WHAT YOU WILL DO: Reproduce only this range: the line holding "Janicssupplycompany.com" through the last line of the data below, both included, exactly, with no pictures.

DATA SECTION:
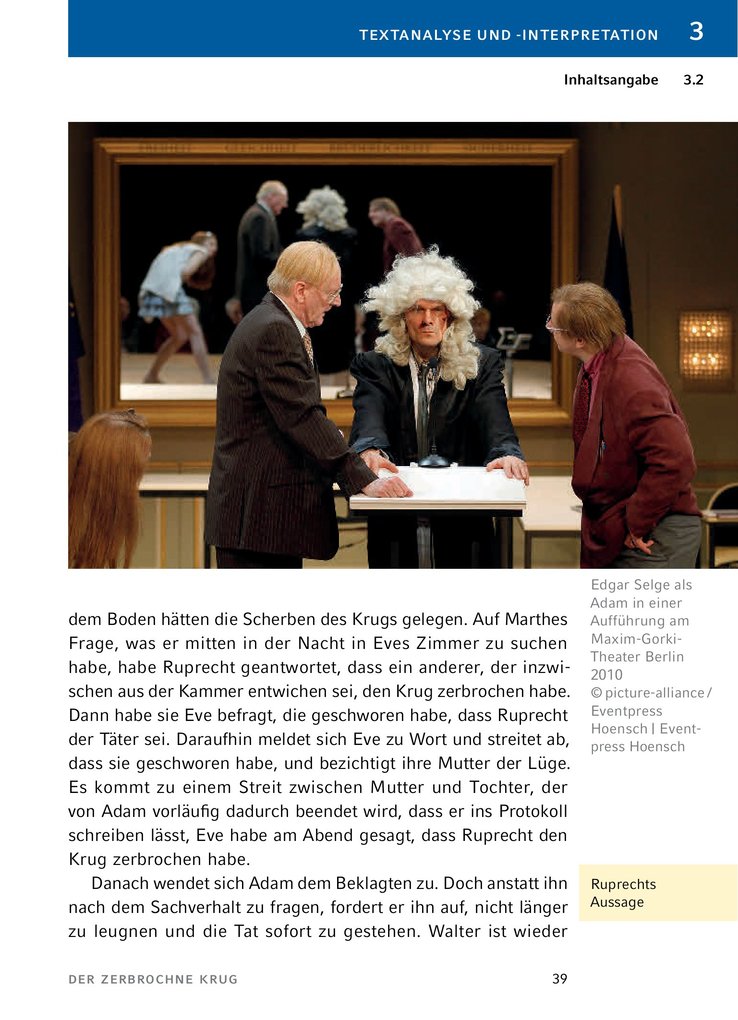 Weitere Ansicht: Der zerbrochne Krug von Heinrich von Kleist. - Textanalyse und Interpretation | Heinrich Kleist, Heinrich Von Kleist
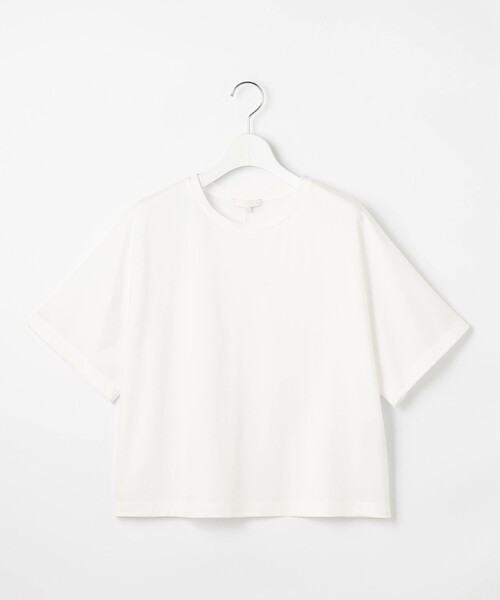 uvカット tシャツ ハイカウントクロップド丈 Tシャツ レディースの画像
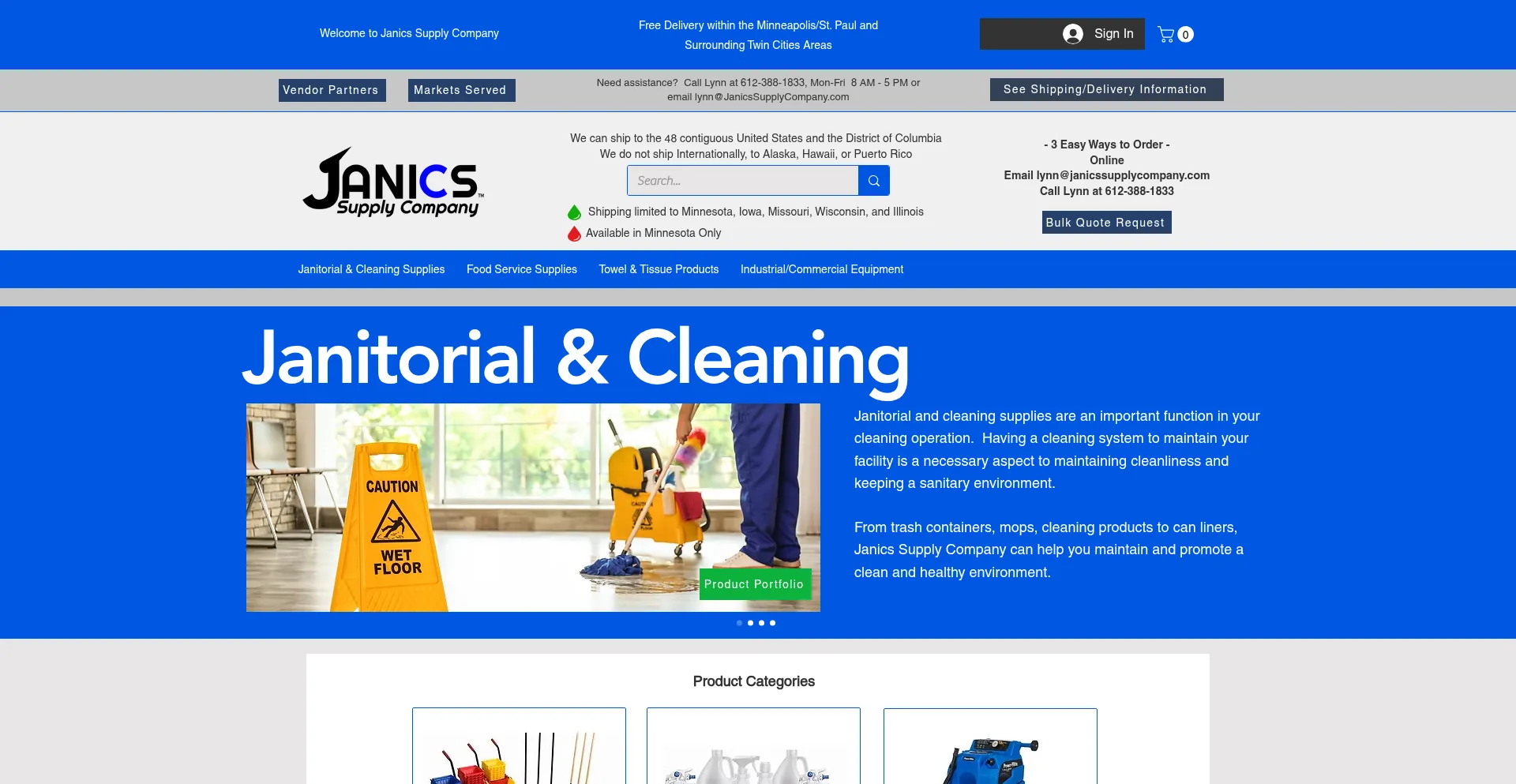 Janicssupplycompany.com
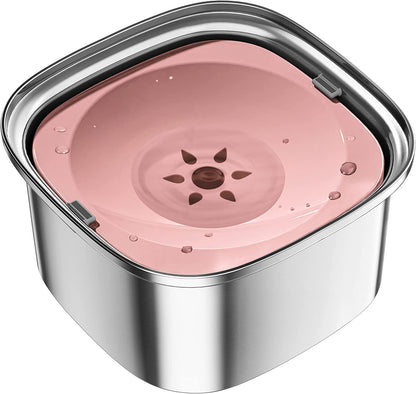 Large Capacity Stainless Steel Pet Water Bowl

YOUR SOLUTION:
 Janicssupplycompany.com
 Large Capacity Stainless Steel Pet Water Bowl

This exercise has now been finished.